## Activity
Please return the full listing exactly as written, with the images removed.

===

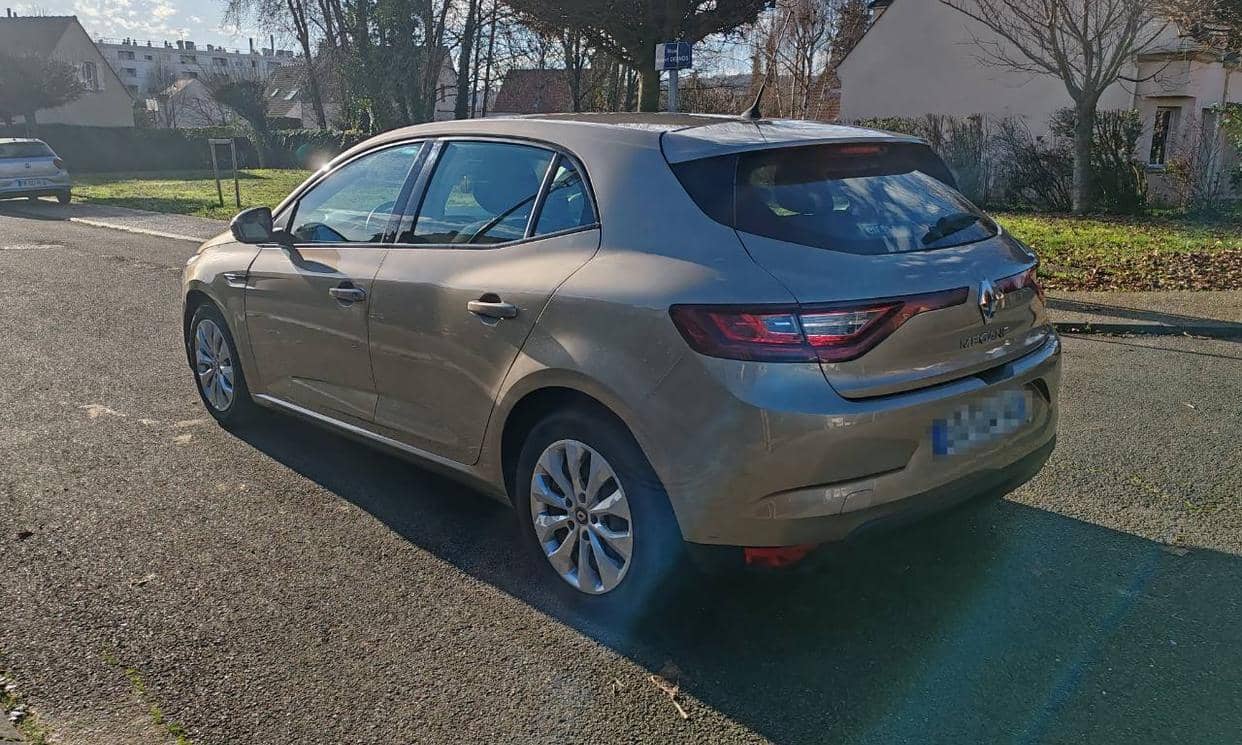 Renault MEGANE IV — photo 5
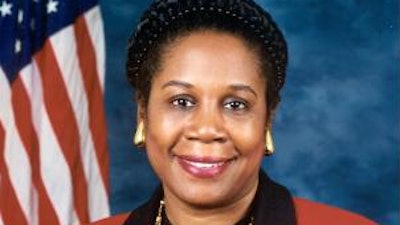 Congresswoman Shelia Jackson Lee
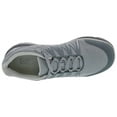 thumbnail image 5 of Drew Player Men Walk Athletic Shoe In Grey Mesh Combo, 5 of 7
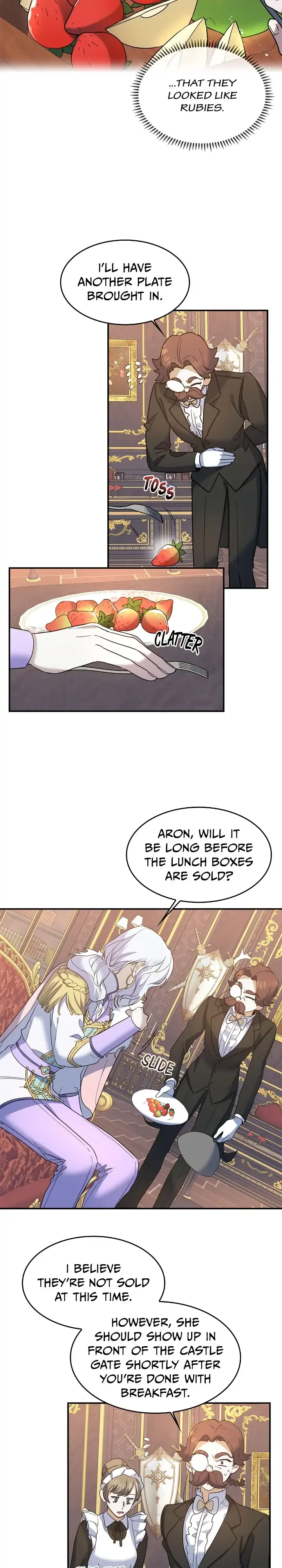 The Cooking Wizard Chapter 24 – Page 28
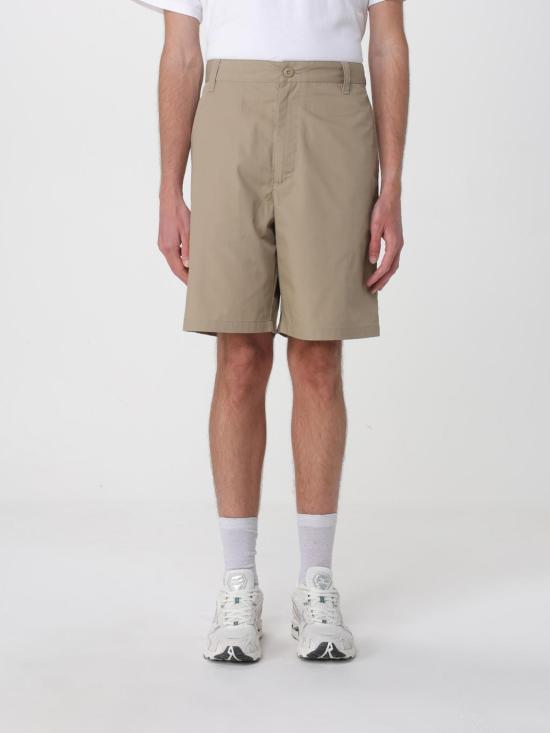 26SS 칼하트 WIP 숏팬츠 I036154 3IRXX Beige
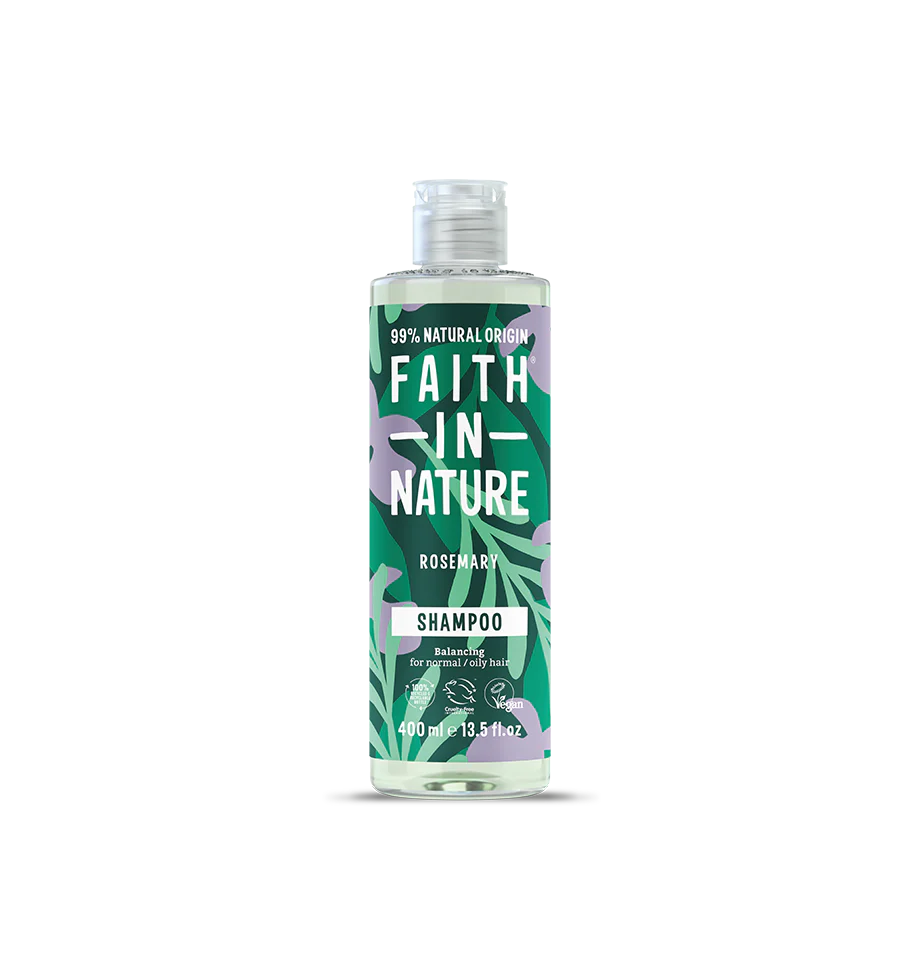 Faith In Nature Shampoo 400ml  - Rosemary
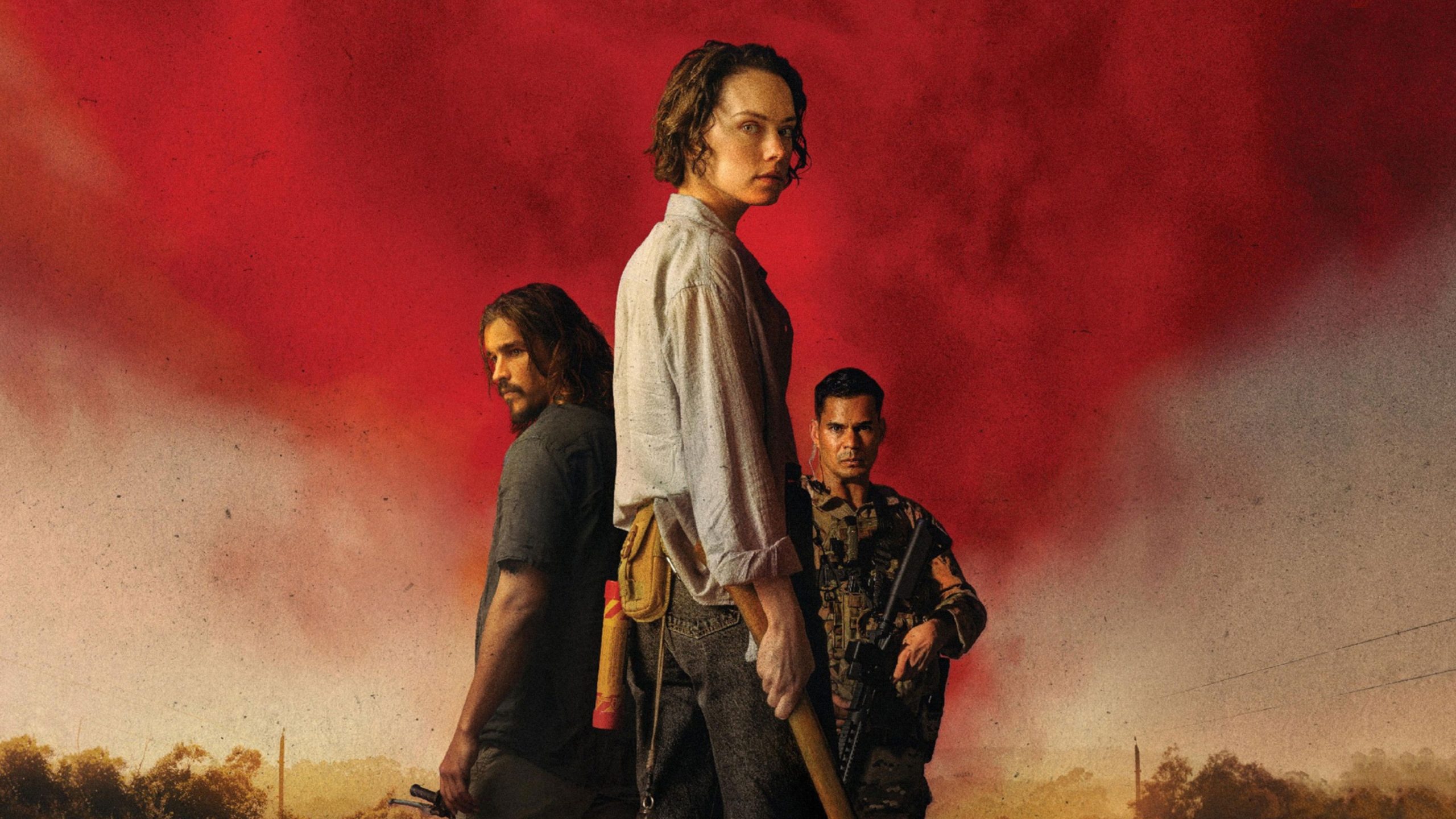 نقد و بررسی فیلم We Bury the Dead (2026)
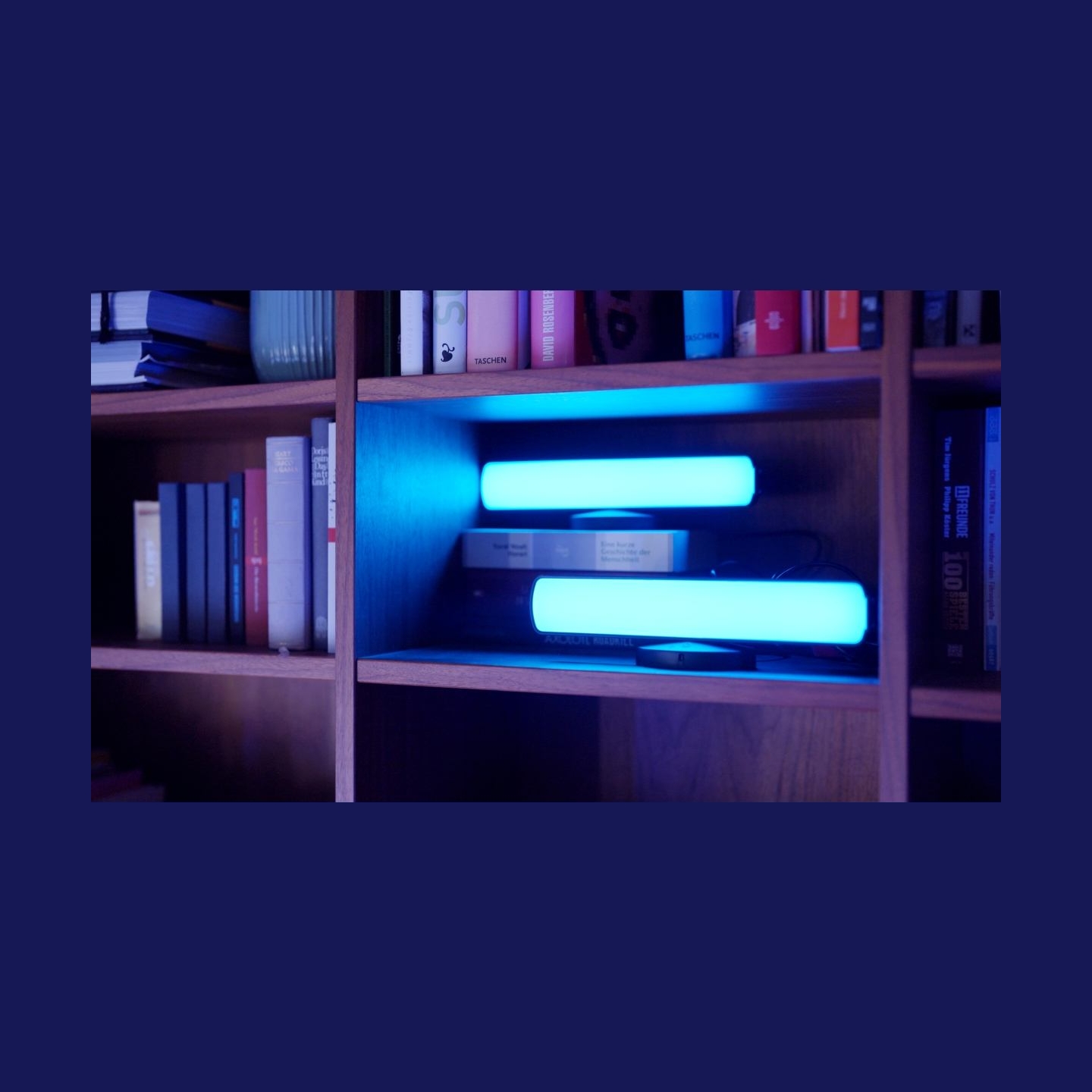 Osram SMART WIFI MOOD LIGHT BAR BK | 8 W | Tunable White | Wi-Fi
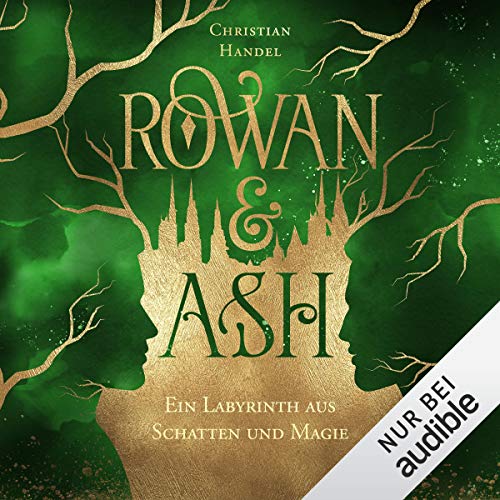 Ein Labyrinth aus Schatten und Magie: Rowan & Ash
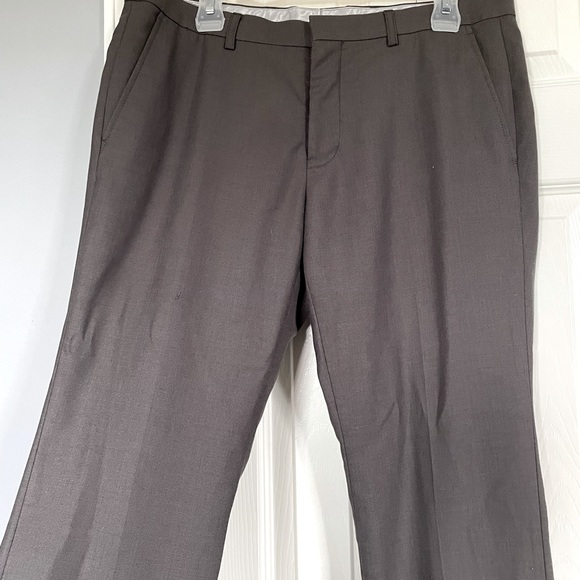 Grey toned Men’s Dress Pant - Picture 1 of 2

===

## Output below
 Renault MEGANE IV — photo 5
 Congresswoman Shelia Jackson Lee
 thumbnail image 5 of Drew Player Men Walk Athletic Shoe In Grey Mesh Combo, 5 of 7
 The Cooking Wizard Chapter 24 – Page 28
 26SS 칼하트 WIP 숏팬츠 I036154 3IRXX Beige
 Faith In Nature Shampoo 400ml  - Rosemary
 نقد و بررسی فیلم We Bury the Dead (2026)
 Osram SMART WIFI MOOD LIGHT BAR BK | 8 W | Tunable White | Wi-Fi
 Ein Labyrinth aus Schatten und Magie: Rowan & Ash
 Grey toned Men’s Dress Pant - Picture 1 of 2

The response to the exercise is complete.